→ **YOUR GOAL**:
A faithful copy of all the entries is required, with no pictures in it.

→ **DATA FOR THIS EXERCISE**:
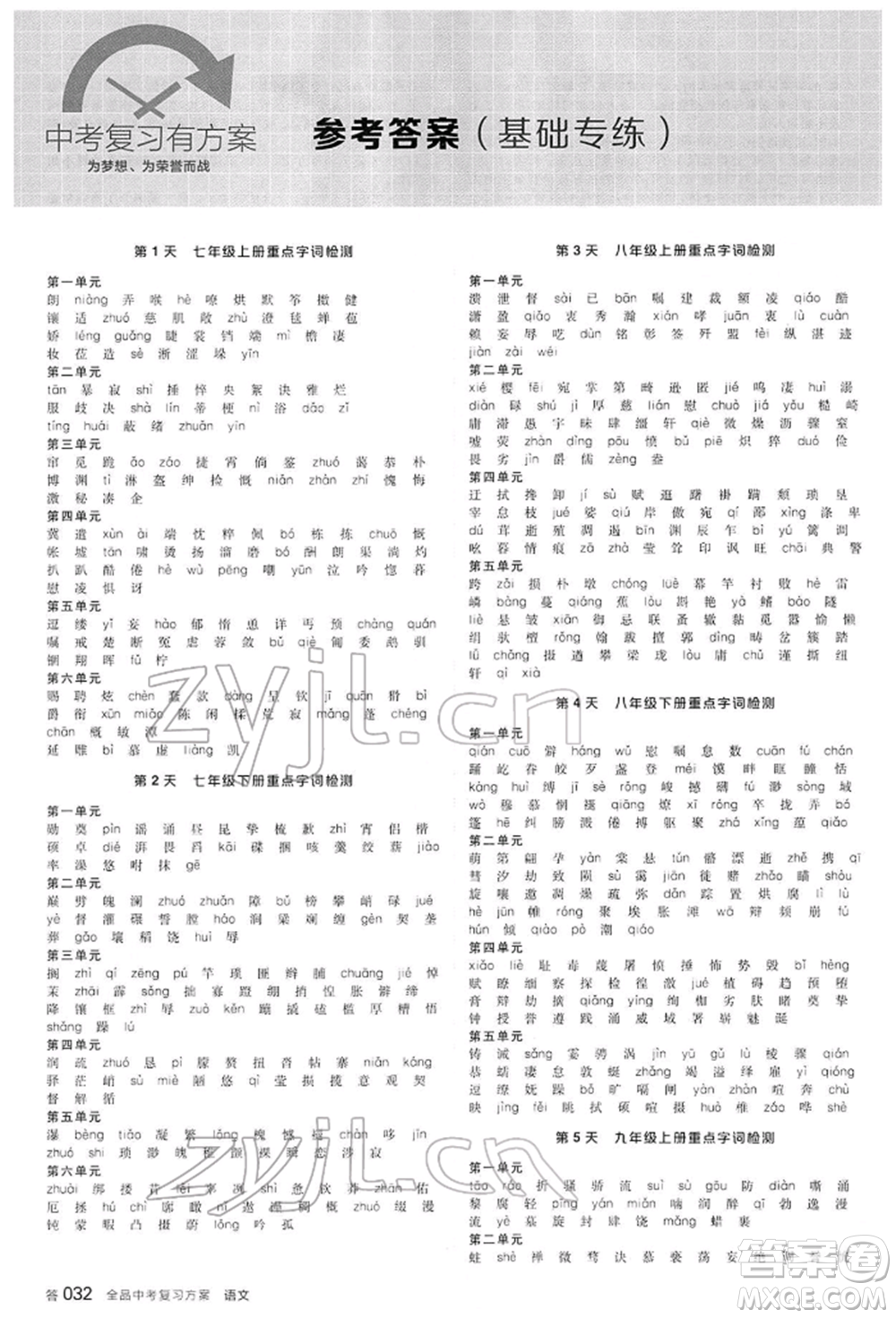 延邊教育出版社2022全品中考復習方案講解手冊語文人教版河北專版參考答案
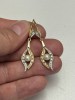 Cercei Aur 14K cu Zirconia si Perle Cultură, Vintage Grecia, 5.5g
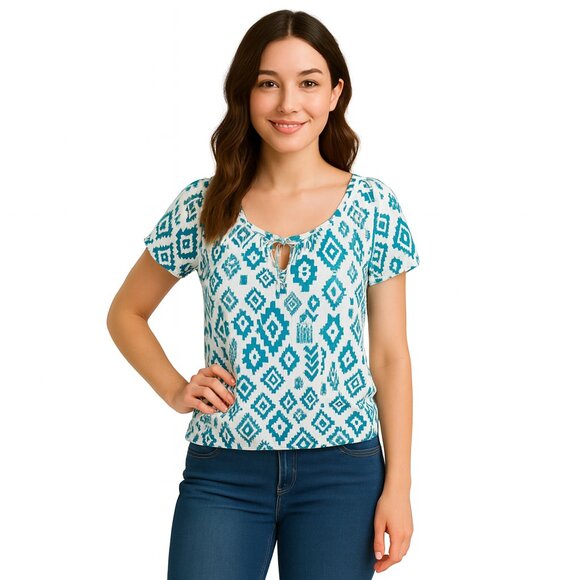 French Laundry Large Turquoise & White Boho Blouse - Picture 2 of 5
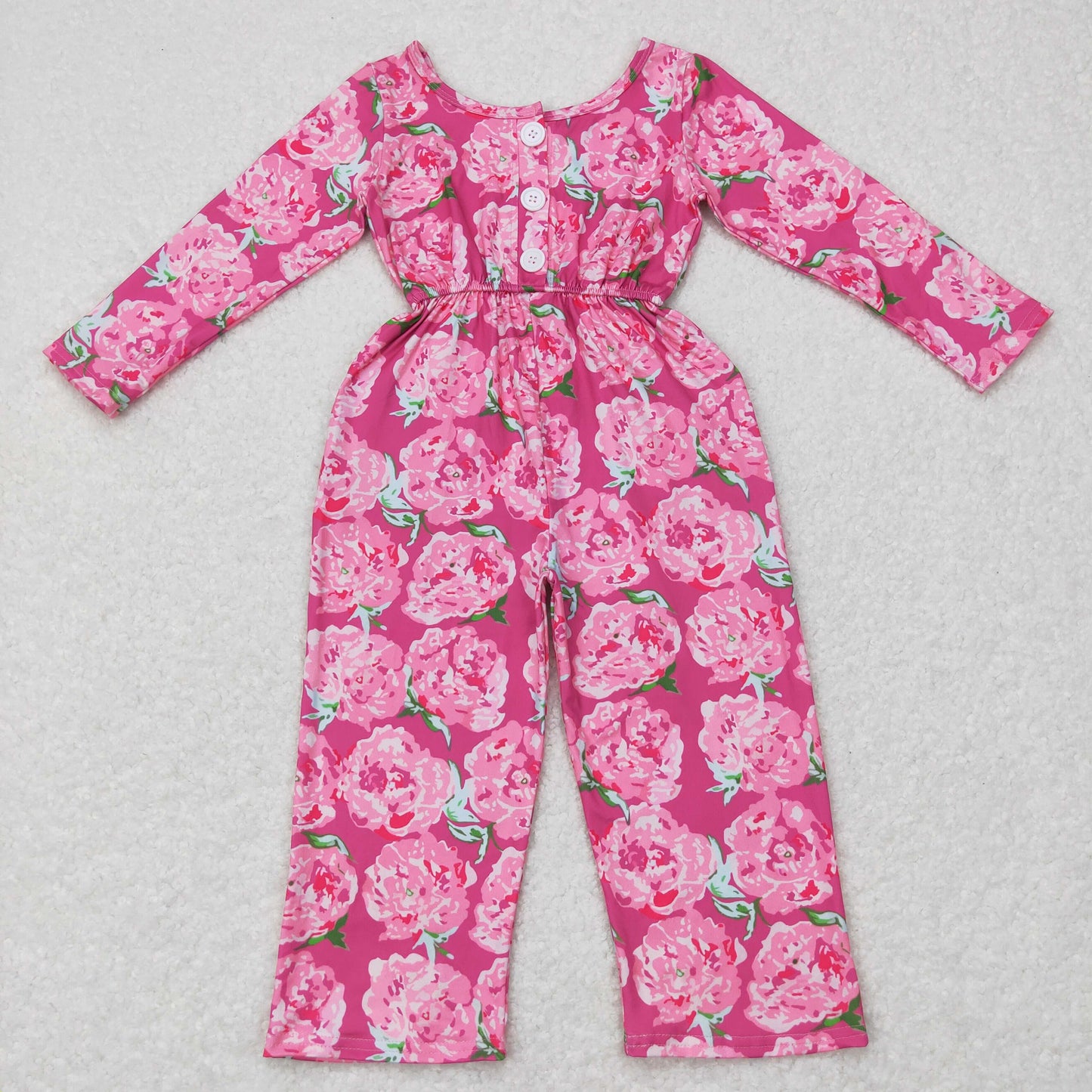 LR0715 Baby Girl Floral Long Sleeves Pocket Flower Jumpsuit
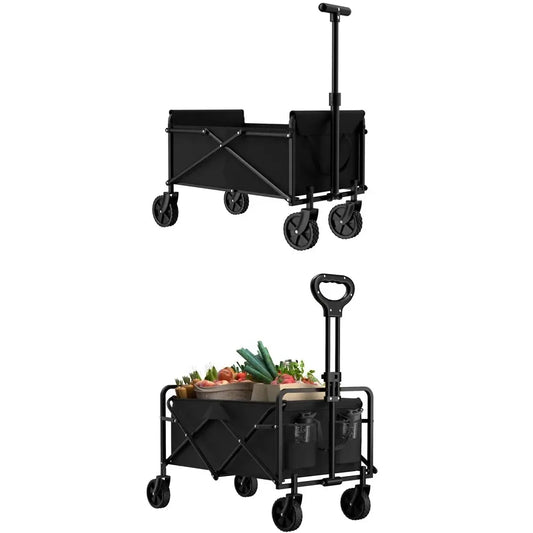Outdoor Handcart with Foldable Wheels
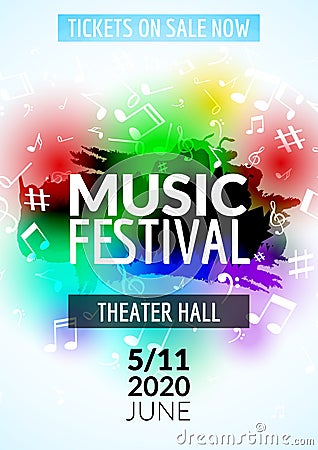 Colorful vector music festival concert template flyer. Musical flyer design poster with notes Vector Illustration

→ **RESPONSE**:
 延邊教育出版社2022全品中考復習方案講解手冊語文人教版河北專版參考答案
 Cercei Aur 14K cu Zirconia si Perle Cultură, Vintage Grecia, 5.5g
 French Laundry Large Turquoise & White Boho Blouse - Picture 2 of 5
 LR0715 Baby Girl Floral Long Sleeves Pocket Flower Jumpsuit
Outdoor Handcart with Foldable Wheels
 Colorful vector music festival concert template flyer. Musical flyer design poster with notes Vector Illustration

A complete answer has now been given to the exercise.